=== Your instructions ===
From the listing that follows, reproduce only the lines from the one holding "Did you enjoy" through the one holding "Hey guys and", both included, with no pictures.

=== Data for this exercise ===
⟨
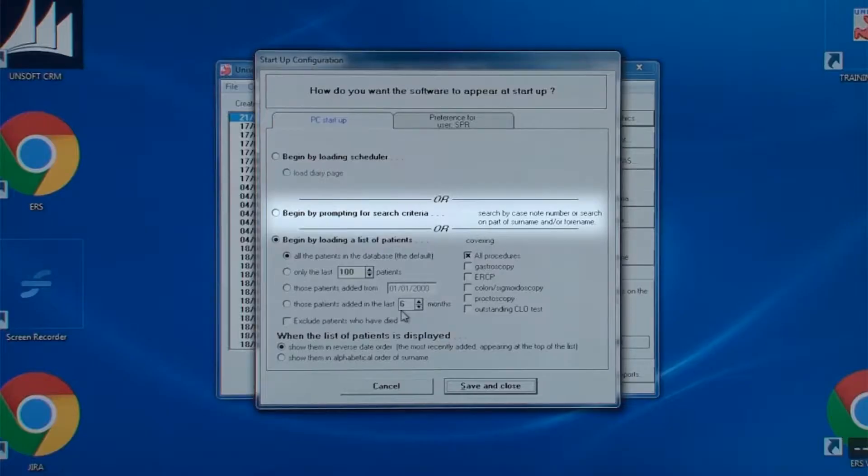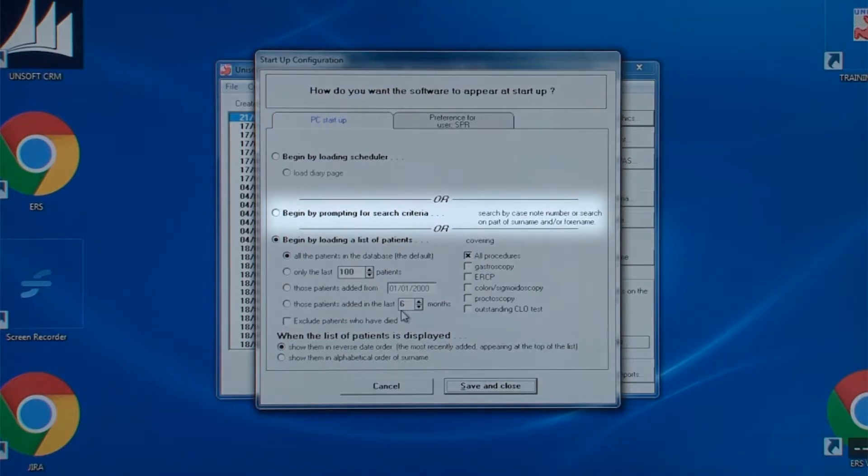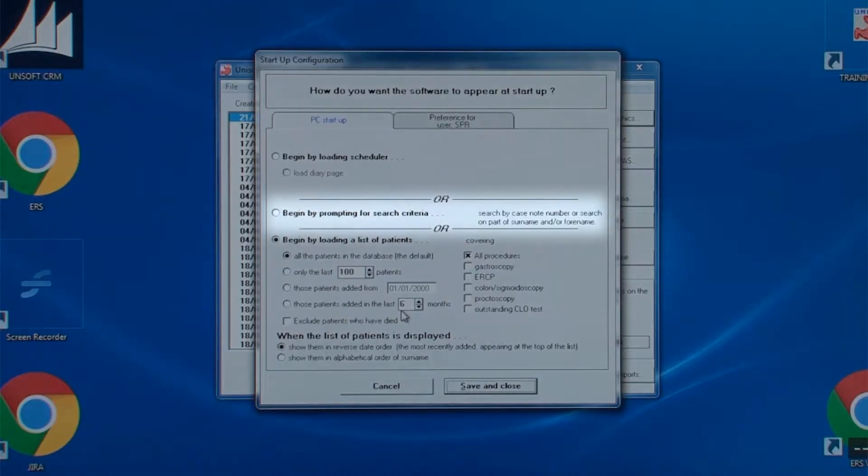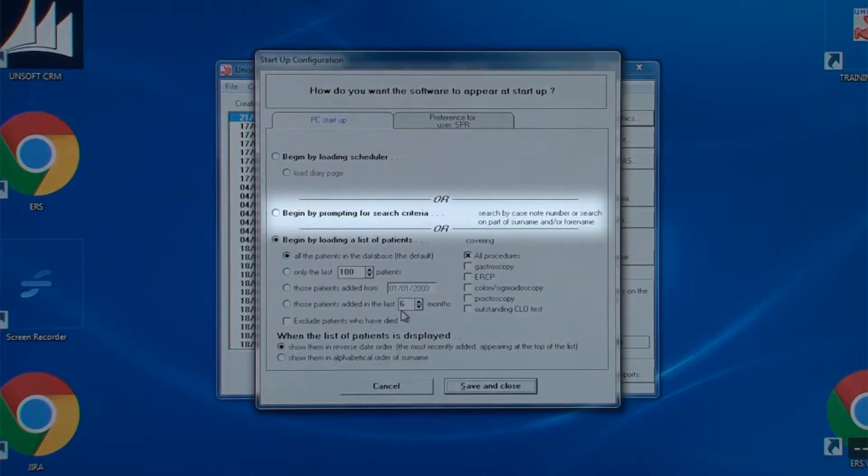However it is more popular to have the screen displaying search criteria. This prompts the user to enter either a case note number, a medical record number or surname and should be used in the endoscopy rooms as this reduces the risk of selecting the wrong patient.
⟩
⟨
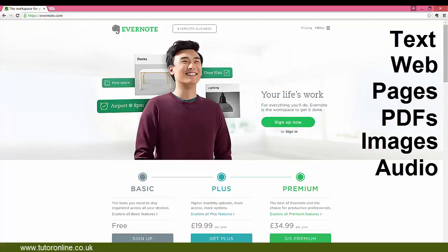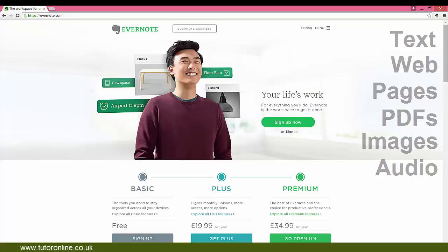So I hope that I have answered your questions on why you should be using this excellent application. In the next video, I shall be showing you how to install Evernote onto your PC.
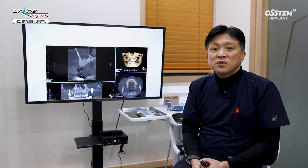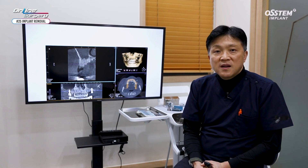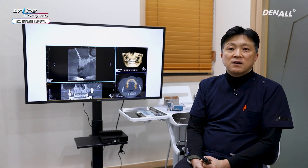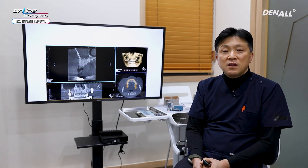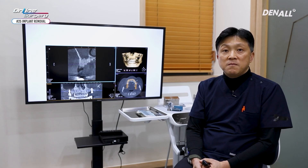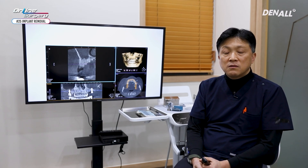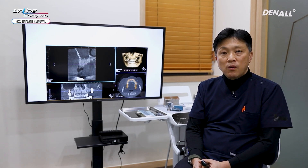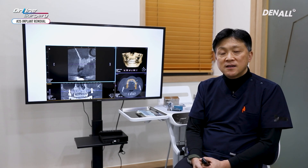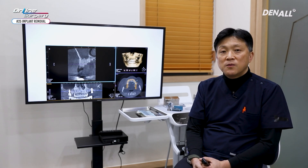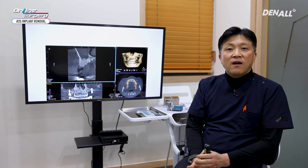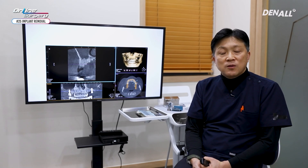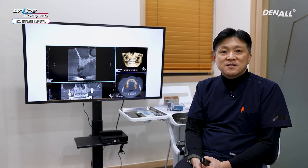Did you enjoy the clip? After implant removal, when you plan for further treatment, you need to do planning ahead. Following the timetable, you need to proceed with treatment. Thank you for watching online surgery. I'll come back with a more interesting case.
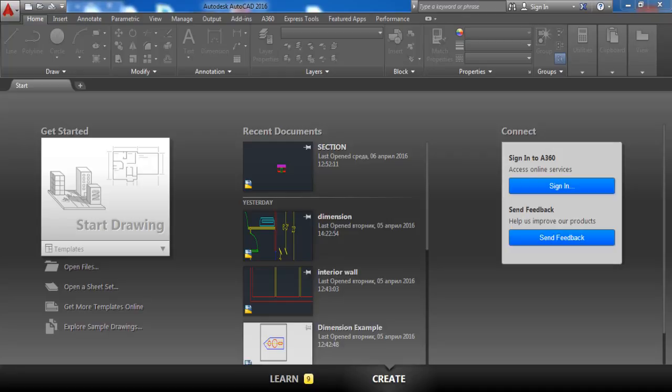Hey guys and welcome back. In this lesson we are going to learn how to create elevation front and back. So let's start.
⟩
=== Answer box ===
Did you enjoy the clip? After implant removal, when you plan for further treatment, you need to do planning ahead. Following the timetable, you need to proceed with treatment. Thank you for watching online surgery. I'll come back with a more interesting case.
Hey guys and welcome back. In this lesson we are going to learn how to create elevation front and back. So let's start.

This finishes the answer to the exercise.